╔══

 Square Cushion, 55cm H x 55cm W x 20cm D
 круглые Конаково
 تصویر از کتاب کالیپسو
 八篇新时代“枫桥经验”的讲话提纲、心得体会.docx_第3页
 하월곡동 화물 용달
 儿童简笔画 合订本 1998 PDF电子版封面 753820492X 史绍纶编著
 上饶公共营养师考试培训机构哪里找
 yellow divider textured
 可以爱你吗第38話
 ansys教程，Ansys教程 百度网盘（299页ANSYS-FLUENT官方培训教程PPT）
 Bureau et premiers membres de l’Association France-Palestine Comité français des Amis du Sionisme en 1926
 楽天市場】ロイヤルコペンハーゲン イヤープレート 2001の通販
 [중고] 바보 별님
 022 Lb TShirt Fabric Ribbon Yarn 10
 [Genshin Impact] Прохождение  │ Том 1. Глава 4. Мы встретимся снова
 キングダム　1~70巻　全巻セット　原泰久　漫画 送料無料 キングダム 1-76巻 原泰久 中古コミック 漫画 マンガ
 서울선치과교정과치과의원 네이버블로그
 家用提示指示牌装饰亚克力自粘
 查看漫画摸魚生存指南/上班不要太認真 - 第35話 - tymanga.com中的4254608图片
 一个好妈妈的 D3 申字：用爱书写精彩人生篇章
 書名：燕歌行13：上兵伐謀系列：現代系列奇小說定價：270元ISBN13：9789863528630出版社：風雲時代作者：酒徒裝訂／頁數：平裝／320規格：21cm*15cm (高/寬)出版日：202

╚══

* [THE TASK]:
Copy from the line with "上饶公共营养师考试培训机构哪里找" to the final line of the records, inclusive, and add nothing else.

* [TASK RESULT]:
 上饶公共营养师考试培训机构哪里找
 yellow divider textured
 可以爱你吗第38話
 ansys教程，Ansys教程 百度网盘（299页ANSYS-FLUENT官方培训教程PPT）
 Bureau et premiers membres de l’Association France-Palestine Comité français des Amis du Sionisme en 1926
 楽天市場】ロイヤルコペンハーゲン イヤープレート 2001の通販
 [중고] 바보 별님
 022 Lb TShirt Fabric Ribbon Yarn 10
 [Genshin Impact] Прохождение  │ Том 1. Глава 4. Мы встретимся снова
 キングダム　1~70巻　全巻セット　原泰久　漫画 送料無料 キングダム 1-76巻 原泰久 中古コミック 漫画 マンガ
 서울선치과교정과치과의원 네이버블로그
 家用提示指示牌装饰亚克力自粘
 查看漫画摸魚生存指南/上班不要太認真 - 第35話 - tymanga.com中的4254608图片
 一个好妈妈的 D3 申字：用爱书写精彩人生篇章
 書名：燕歌行13：上兵伐謀系列：現代系列奇小說定價：270元ISBN13：9789863528630出版社：風雲時代作者：酒徒裝訂／頁數：平裝／320規格：21cm*15cm (高/寬)出版日：202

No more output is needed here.